TASK INSTRUCTIONS: Please show every line from the entries that carries the word "online".

(Records from a data collection)
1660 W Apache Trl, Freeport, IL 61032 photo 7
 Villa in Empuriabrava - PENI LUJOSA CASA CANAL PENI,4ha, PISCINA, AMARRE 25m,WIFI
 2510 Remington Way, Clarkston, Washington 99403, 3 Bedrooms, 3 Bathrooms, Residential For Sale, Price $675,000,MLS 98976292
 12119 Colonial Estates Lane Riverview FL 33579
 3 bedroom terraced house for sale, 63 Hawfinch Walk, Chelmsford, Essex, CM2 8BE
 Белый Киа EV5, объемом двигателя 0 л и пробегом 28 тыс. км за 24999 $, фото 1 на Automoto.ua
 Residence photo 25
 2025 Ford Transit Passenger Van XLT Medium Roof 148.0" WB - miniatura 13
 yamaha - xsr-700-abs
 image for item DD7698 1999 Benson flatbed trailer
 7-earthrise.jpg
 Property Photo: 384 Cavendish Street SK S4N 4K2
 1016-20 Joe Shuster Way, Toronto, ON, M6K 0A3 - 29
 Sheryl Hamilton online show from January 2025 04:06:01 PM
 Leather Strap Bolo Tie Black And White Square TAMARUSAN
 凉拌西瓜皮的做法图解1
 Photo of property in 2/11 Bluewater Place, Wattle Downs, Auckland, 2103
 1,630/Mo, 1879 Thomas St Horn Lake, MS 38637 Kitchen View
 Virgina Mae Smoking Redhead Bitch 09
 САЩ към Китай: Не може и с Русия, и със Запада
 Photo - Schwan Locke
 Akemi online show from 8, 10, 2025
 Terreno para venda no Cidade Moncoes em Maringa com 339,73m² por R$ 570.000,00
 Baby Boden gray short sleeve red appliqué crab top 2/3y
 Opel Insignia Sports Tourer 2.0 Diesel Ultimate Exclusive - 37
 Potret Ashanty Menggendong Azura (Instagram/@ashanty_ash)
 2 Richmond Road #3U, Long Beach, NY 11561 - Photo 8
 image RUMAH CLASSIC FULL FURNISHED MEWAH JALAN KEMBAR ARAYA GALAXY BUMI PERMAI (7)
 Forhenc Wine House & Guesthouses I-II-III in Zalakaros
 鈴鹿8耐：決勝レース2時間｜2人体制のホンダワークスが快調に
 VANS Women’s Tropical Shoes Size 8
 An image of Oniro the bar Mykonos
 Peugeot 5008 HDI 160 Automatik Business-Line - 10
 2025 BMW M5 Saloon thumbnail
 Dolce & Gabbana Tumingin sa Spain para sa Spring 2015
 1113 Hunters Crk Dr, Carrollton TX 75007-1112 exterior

SOLUTION:
 Sheryl Hamilton online show from January 2025 04:06:01 PM
 Akemi online show from 8, 10, 2025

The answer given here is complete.